Repeat the stretch of entries below from the line with "204 Dog Fennel LN Perry, GA 31069" through the line with "8' x 10' 4 Hand Knotted Darya Wool Rug". Include both ends and add nothing.

►

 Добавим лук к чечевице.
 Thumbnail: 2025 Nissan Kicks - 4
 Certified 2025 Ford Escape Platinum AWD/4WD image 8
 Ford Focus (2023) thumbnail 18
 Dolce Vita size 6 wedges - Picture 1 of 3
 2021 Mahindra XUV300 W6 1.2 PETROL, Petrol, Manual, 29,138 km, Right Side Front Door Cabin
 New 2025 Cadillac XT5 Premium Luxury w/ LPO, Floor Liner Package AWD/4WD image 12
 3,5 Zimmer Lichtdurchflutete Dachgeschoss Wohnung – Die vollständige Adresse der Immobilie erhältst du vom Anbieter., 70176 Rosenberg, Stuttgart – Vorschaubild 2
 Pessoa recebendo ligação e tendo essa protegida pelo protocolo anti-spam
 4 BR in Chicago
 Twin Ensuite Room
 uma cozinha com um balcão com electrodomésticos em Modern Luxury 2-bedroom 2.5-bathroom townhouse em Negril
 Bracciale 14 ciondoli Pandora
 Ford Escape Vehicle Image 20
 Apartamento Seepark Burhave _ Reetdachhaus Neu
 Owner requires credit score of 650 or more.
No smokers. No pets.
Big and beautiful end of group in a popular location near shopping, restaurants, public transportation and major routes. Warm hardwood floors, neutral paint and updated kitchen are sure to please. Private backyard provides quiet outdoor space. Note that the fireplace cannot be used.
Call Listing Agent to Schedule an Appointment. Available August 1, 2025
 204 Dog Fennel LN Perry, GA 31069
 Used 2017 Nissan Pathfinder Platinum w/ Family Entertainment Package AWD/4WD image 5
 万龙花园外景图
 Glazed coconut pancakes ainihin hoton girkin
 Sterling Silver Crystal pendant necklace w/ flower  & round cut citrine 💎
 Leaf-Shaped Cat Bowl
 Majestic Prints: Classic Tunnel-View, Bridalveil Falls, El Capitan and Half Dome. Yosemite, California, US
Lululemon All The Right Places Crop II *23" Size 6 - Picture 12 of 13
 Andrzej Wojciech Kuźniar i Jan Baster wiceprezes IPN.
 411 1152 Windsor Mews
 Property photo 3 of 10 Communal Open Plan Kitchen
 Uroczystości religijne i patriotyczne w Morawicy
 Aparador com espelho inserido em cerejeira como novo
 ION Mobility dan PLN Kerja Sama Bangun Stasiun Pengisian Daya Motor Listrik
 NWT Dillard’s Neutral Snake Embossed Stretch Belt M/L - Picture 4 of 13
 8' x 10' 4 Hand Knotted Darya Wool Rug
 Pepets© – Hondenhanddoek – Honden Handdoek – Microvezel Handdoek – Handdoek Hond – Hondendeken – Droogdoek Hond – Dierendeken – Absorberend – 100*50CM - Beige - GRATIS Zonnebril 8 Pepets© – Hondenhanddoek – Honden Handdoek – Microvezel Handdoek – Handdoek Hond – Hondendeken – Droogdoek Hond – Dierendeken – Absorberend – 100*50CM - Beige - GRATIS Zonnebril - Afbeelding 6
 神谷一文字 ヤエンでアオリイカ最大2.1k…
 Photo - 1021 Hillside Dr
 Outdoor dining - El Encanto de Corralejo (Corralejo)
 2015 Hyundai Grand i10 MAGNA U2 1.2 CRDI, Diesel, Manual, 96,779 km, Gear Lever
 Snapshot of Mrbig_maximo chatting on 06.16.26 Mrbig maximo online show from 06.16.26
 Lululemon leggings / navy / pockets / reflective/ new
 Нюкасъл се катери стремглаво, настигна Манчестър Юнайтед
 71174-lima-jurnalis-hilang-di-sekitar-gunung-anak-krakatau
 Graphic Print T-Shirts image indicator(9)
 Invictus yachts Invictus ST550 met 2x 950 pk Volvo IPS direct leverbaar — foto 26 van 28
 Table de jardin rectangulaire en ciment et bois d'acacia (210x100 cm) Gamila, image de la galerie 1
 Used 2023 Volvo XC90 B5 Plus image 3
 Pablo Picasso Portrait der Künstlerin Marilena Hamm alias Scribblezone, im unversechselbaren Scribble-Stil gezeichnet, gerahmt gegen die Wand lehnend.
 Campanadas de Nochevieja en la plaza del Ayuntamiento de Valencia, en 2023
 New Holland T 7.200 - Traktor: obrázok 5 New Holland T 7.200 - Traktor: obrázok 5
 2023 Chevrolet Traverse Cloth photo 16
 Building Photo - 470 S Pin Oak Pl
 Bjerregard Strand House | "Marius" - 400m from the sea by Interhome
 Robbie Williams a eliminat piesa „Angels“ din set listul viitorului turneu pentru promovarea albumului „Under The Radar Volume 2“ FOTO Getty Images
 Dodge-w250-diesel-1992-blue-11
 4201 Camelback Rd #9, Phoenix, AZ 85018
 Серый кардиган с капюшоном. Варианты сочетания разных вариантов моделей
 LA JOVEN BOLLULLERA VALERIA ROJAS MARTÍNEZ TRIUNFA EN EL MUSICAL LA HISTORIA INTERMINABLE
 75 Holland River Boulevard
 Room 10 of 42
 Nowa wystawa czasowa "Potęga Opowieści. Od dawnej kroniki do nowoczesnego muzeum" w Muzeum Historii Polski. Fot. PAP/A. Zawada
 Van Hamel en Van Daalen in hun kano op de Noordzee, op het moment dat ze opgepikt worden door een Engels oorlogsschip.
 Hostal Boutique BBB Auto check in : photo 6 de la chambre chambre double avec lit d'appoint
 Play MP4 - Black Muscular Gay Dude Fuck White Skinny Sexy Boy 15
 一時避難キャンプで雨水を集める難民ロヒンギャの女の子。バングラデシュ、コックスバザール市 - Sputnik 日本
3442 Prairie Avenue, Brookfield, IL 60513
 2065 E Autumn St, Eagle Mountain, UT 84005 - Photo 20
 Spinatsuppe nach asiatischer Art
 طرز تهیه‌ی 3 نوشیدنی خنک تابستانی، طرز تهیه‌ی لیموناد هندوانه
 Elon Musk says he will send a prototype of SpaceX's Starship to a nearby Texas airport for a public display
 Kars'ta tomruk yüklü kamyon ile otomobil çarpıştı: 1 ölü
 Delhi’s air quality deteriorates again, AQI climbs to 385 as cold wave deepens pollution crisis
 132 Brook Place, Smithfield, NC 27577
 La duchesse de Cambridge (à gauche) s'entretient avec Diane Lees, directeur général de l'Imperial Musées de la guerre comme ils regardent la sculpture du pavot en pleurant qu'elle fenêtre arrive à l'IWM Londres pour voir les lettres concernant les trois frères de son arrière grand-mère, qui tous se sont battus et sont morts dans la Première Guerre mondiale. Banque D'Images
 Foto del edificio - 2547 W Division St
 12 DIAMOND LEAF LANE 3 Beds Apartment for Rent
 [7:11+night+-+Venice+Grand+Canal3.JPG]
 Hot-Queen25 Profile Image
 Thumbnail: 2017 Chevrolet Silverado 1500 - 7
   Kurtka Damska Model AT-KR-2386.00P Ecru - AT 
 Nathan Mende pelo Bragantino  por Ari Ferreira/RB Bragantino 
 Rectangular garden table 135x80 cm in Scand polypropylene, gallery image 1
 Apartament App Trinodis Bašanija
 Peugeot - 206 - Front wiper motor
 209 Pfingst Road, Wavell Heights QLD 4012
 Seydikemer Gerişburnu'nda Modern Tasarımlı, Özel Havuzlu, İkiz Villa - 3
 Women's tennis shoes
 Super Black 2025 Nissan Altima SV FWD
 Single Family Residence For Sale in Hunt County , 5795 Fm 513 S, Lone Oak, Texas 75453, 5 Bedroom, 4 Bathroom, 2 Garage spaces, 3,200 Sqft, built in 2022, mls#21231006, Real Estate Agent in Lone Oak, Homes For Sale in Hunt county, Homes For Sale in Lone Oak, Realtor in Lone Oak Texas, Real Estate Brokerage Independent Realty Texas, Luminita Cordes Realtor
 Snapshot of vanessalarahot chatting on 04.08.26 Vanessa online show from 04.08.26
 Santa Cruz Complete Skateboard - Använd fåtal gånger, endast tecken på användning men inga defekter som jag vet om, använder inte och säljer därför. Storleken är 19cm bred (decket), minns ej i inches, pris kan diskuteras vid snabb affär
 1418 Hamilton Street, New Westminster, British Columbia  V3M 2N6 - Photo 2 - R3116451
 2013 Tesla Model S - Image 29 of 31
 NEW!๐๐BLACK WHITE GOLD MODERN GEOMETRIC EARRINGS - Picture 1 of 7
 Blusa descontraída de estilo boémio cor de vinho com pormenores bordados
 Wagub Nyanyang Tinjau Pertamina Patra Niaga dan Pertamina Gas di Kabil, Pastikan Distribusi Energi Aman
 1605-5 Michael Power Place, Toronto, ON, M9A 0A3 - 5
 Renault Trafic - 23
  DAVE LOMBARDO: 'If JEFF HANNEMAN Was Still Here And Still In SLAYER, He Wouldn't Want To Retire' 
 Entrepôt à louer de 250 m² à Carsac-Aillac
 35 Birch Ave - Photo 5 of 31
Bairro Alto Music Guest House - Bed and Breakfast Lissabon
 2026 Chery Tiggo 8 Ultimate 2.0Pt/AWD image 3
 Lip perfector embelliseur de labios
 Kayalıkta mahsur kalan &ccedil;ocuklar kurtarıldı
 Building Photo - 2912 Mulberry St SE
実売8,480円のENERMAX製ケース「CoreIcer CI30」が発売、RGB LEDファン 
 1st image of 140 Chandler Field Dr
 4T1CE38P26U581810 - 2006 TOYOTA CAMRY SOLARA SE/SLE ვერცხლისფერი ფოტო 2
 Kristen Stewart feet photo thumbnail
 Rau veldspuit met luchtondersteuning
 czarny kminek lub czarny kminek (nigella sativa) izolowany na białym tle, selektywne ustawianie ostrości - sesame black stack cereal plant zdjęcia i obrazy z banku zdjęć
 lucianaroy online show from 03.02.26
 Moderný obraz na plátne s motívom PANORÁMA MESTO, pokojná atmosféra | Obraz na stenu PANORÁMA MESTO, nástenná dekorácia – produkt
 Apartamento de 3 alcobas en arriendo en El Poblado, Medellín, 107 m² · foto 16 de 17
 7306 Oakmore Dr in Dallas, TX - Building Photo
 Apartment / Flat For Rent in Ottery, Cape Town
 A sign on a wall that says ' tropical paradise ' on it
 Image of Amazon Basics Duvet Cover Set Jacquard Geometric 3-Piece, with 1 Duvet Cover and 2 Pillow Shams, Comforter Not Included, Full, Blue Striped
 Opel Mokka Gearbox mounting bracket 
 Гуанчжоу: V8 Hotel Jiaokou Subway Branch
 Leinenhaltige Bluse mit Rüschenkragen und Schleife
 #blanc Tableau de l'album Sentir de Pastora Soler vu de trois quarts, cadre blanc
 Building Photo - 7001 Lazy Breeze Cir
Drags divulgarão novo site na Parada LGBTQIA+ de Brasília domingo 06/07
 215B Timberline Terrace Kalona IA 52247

◄

__Worked solution__.
 204 Dog Fennel LN Perry, GA 31069
 Used 2017 Nissan Pathfinder Platinum w/ Family Entertainment Package AWD/4WD image 5
 万龙花园外景图
 Glazed coconut pancakes ainihin hoton girkin
 Sterling Silver Crystal pendant necklace w/ flower  & round cut citrine 💎
 Leaf-Shaped Cat Bowl
 Majestic Prints: Classic Tunnel-View, Bridalveil Falls, El Capitan and Half Dome. Yosemite, California, US
Lululemon All The Right Places Crop II *23" Size 6 - Picture 12 of 13
 Andrzej Wojciech Kuźniar i Jan Baster wiceprezes IPN.
 411 1152 Windsor Mews
 Property photo 3 of 10 Communal Open Plan Kitchen
 Uroczystości religijne i patriotyczne w Morawicy
 Aparador com espelho inserido em cerejeira como novo
 ION Mobility dan PLN Kerja Sama Bangun Stasiun Pengisian Daya Motor Listrik
 NWT Dillard’s Neutral Snake Embossed Stretch Belt M/L - Picture 4 of 13
 8' x 10' 4 Hand Knotted Darya Wool Rug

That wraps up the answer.